[Records from a collection]

───

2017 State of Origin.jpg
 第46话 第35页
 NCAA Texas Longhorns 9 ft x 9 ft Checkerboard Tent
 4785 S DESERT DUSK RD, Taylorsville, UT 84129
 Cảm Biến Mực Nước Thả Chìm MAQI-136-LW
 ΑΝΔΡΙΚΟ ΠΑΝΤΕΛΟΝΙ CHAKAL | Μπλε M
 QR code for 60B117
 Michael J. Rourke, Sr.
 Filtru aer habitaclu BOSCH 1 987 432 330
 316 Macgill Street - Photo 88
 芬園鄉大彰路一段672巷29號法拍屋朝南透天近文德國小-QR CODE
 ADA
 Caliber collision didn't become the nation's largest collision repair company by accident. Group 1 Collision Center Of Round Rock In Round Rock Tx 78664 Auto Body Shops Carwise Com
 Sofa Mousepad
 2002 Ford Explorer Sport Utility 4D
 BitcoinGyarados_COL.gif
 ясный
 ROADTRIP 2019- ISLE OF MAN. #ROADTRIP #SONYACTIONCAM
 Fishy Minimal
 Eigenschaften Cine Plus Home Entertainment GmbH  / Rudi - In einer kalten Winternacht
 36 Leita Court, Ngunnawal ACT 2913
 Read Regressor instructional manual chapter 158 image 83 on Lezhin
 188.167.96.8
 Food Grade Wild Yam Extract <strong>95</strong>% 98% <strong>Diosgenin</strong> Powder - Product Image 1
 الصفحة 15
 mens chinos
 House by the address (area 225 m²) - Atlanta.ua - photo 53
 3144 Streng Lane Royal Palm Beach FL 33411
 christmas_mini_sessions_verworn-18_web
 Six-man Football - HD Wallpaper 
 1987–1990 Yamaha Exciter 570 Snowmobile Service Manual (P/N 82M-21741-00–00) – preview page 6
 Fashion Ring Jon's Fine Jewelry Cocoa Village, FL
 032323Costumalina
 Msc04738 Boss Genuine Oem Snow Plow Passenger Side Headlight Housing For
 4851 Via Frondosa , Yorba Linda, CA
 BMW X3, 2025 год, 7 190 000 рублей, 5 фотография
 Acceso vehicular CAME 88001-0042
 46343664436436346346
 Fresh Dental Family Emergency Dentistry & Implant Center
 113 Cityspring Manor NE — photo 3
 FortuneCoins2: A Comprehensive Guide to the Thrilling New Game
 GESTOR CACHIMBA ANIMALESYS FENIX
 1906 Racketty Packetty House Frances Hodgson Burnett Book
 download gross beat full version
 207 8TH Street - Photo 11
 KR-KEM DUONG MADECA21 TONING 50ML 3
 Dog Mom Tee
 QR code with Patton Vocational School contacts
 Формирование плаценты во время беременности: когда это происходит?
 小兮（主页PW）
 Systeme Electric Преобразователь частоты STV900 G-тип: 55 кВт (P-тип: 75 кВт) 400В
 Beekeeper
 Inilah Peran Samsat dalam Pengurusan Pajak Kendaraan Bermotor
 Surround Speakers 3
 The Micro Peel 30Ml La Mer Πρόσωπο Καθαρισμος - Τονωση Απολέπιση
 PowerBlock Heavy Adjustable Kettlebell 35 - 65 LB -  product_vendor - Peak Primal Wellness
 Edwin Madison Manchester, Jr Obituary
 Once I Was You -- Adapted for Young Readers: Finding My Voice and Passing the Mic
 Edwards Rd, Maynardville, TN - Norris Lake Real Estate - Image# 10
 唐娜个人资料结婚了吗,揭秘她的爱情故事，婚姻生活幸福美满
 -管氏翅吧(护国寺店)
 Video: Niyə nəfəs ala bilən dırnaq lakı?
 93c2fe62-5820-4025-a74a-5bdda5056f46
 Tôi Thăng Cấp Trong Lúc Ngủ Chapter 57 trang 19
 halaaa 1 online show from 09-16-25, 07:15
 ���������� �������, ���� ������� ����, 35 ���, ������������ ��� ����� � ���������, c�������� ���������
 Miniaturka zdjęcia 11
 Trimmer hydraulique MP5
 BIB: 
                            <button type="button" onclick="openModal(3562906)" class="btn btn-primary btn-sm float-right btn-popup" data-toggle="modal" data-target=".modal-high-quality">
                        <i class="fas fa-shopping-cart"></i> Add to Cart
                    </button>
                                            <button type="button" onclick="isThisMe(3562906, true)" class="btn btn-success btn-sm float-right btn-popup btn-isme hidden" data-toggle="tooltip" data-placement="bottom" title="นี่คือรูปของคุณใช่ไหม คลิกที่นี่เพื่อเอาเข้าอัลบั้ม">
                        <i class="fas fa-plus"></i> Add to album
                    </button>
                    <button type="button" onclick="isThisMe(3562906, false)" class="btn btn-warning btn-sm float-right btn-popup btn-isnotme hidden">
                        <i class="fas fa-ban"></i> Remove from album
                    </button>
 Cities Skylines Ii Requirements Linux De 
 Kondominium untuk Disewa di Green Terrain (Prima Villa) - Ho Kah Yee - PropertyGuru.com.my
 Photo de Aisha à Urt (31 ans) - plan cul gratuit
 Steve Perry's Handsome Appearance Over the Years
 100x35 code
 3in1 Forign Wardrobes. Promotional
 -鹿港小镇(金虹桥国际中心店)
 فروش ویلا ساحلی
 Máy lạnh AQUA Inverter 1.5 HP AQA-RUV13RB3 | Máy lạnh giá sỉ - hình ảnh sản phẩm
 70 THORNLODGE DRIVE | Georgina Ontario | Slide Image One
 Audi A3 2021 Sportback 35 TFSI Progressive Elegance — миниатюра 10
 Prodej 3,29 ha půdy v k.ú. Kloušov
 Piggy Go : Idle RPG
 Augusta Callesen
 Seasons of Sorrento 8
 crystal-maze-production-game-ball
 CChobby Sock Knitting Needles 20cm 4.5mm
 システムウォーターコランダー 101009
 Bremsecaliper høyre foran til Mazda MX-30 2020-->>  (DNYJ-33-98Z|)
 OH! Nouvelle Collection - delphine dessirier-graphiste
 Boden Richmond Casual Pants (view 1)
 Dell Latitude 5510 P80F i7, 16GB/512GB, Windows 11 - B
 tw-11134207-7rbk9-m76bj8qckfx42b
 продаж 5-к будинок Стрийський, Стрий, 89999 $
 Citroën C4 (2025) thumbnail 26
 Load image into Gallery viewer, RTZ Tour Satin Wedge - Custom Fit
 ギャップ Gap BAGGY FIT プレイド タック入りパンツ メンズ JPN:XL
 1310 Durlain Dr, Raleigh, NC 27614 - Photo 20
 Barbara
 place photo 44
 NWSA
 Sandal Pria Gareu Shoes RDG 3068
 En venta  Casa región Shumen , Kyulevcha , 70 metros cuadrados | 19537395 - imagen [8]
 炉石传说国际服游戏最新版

───

**WHAT IS REQUIRED:** If a line comes after the one that contains "46343664436436346346", leave it out; return every line of the entries up to that point exactly, starting with the first, with that line included.

**SOLUTION:**
2017 State of Origin.jpg
 第46话 第35页
 NCAA Texas Longhorns 9 ft x 9 ft Checkerboard Tent
 4785 S DESERT DUSK RD, Taylorsville, UT 84129
 Cảm Biến Mực Nước Thả Chìm MAQI-136-LW
 ΑΝΔΡΙΚΟ ΠΑΝΤΕΛΟΝΙ CHAKAL | Μπλε M
 QR code for 60B117
 Michael J. Rourke, Sr.
 Filtru aer habitaclu BOSCH 1 987 432 330
 316 Macgill Street - Photo 88
 芬園鄉大彰路一段672巷29號法拍屋朝南透天近文德國小-QR CODE
 ADA
 Caliber collision didn't become the nation's largest collision repair company by accident. Group 1 Collision Center Of Round Rock In Round Rock Tx 78664 Auto Body Shops Carwise Com
 Sofa Mousepad
 2002 Ford Explorer Sport Utility 4D
 BitcoinGyarados_COL.gif
 ясный
 ROADTRIP 2019- ISLE OF MAN. #ROADTRIP #SONYACTIONCAM
 Fishy Minimal
 Eigenschaften Cine Plus Home Entertainment GmbH  / Rudi - In einer kalten Winternacht
 36 Leita Court, Ngunnawal ACT 2913
 Read Regressor instructional manual chapter 158 image 83 on Lezhin
 188.167.96.8
 Food Grade Wild Yam Extract <strong>95</strong>% 98% <strong>Diosgenin</strong> Powder - Product Image 1
 الصفحة 15
 mens chinos
 House by the address (area 225 m²) - Atlanta.ua - photo 53
 3144 Streng Lane Royal Palm Beach FL 33411
 christmas_mini_sessions_verworn-18_web
 Six-man Football - HD Wallpaper 
 1987–1990 Yamaha Exciter 570 Snowmobile Service Manual (P/N 82M-21741-00–00) – preview page 6
 Fashion Ring Jon's Fine Jewelry Cocoa Village, FL
 032323Costumalina
 Msc04738 Boss Genuine Oem Snow Plow Passenger Side Headlight Housing For
 4851 Via Frondosa , Yorba Linda, CA
 BMW X3, 2025 год, 7 190 000 рублей, 5 фотография
 Acceso vehicular CAME 88001-0042
 46343664436436346346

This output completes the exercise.